We are installing the same self-signed certificate into every development and prototype unit.

Installing the same certificate into every unit is about the worst security practice one could imagine when dealing with certificates. We now know not to release products with the default hard coded administrative credentials. We avoid default credentials because such credentials could be extracted once and used to compromise all devices that implement them. This is a very similar situation – the default certificate means the private key could be extracted once and used to compromise all devices that rely on this certificate.

Cryptographically, both self-signed and trusted third party certificates operate the same way. Each certificate is associated with a key pair consisting of a secret private key and a non-secret public key. If you know the private key, then you can perform every action associated with the public key and certificate.

The compromise of the default certificates has further implications than just compromising authentication. For TLS, depending on the cipher used, the certificate could end up being used to establish a shared secret. In such cases, a passive eavesdropper would be able to decrypt TLS traffic after seeing the initial handshake.

Sure, competent administrators will fix this issue by uploading their own unique certificates, but how many would actually stop at 'just make it work' stage by trusting the default certificate? What you should do instead is generate a new key pair on initial boot or factory reset. This is how secure network devices operate. When generating new certificate, you also have to make sure that you have sufficient entropy available in the system and do not end up generating factorable keys.


Customers will be able to provide their own certificates, signed in whatever manner they wish (publicly, or privately). This will give them the chain of trust, and will allow them to be sure that they really are connecting to that system.

This suggests that either A) a typical installation will have a "real" domain name, visible on the public internet (as opposed to an intranet domain name or private IP address) or B) a typical customer will have the necessary technical knowledge to operate their own internal certificate authority.

If (A) is true, then your product could dial out to Let's Encrypt and obtain a signed certificate that way. This requires that the service both has a "real" domain name, and that it is fully visible to the public internet (i.e. it is not firewalled on ports 80 and/or 443).

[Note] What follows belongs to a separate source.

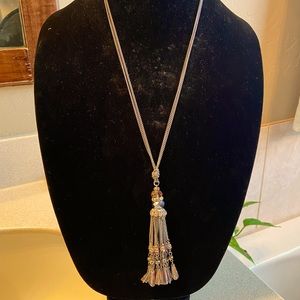 Long Tassel Bead Chain Necklace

Let's Encrypt certificates can be acquired in a fully automated fashion and do not require any manual steps, provided you both know and control (can serve web traffic from) the FQDN. Naturally, you should interact with the service in a reasonably "polite" manner, especially considering that it is free of charge (i.e. do not send it a large number of requests at once, implement exponential retry backoff, etc.).

If (B) is true, then you should definitely go with the option you describe (i.e. let the customer provide a certificate), because your customers are better positioned to solve this problem than you are. However, in most industries, (B) is not true. Nevertheless, a sufficiently adventurous customer might want the option of doing this, so you should provide it anyway.

If neither (A) nor (B) is true, then you should follow one of the other answers. In this case, a typical customer does not have the ability to provide a good certificate, so you should not make them responsible for doing so. You may still want to provide an option for using a custom certificate, but you should not make it the default.


You could do something like offer up a unique certificate for

product-serial-number.product-name.company-name.com

and have it issued by something that has something trusted in the certification path. The certificate would still not be trusted for that purpose, but someone could check the certificate against a sticker on the box (and optionally install it into their certificate store). Unfortunately, Chrome and Edge no longer make it easy to view certificate details on HTTPS pages, so this will be difficult.